**** SUPPLIED INFORMATION
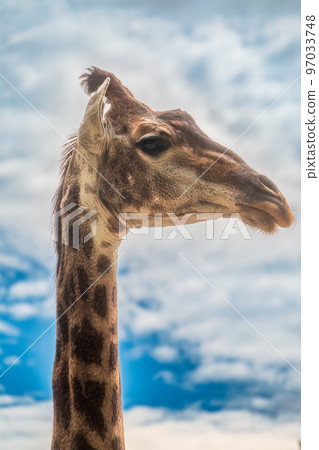 Close-up giraffe head on blue sky background 97033748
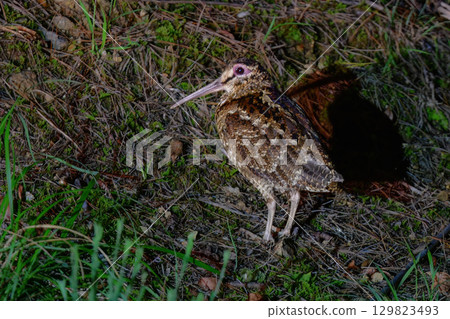 The Amami woodcock is a rare and endangered wild bird endemic to Japan and found on the World Heritage Site of Amami Oshima and Okinawa. 129823493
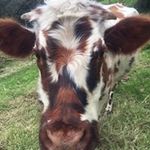 Maria Knowles - @knowles.maria - Instagram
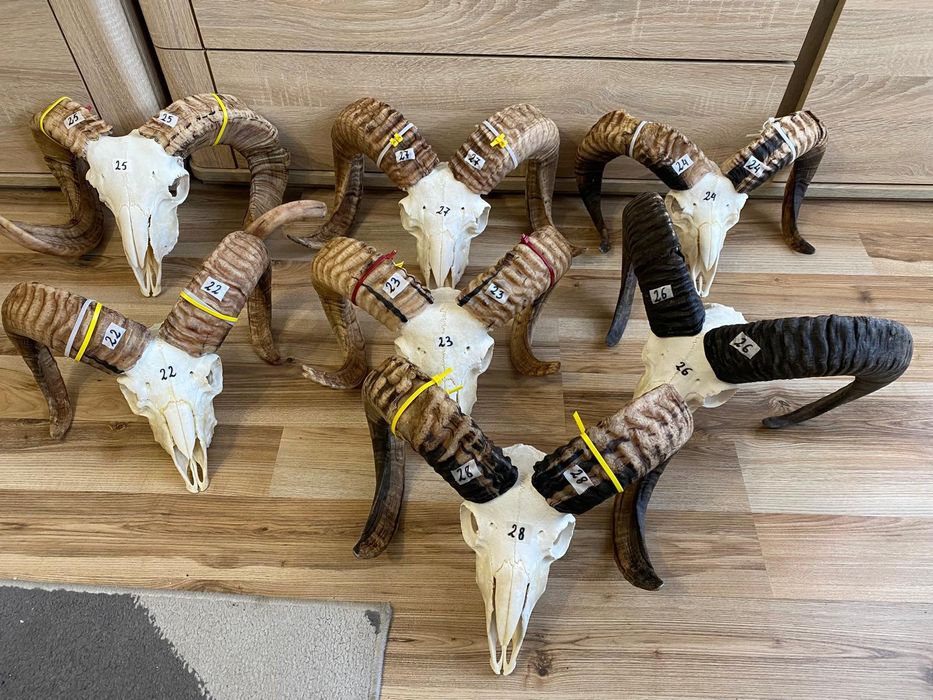 Rogi, trofea, slimy ,barana,muflona ,kozy OKAZJA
********
* _EXERCISE PROMPT_
Without including any picture, reproduce all of the material exactly.

* _RESULT BELOW_
 Close-up giraffe head on blue sky background 97033748
 The Amami woodcock is a rare and endangered wild bird endemic to Japan and found on the World Heritage Site of Amami Oshima and Okinawa. 129823493
 Maria Knowles - @knowles.maria - Instagram
 Rogi, trofea, slimy ,barana,muflona ,kozy OKAZJA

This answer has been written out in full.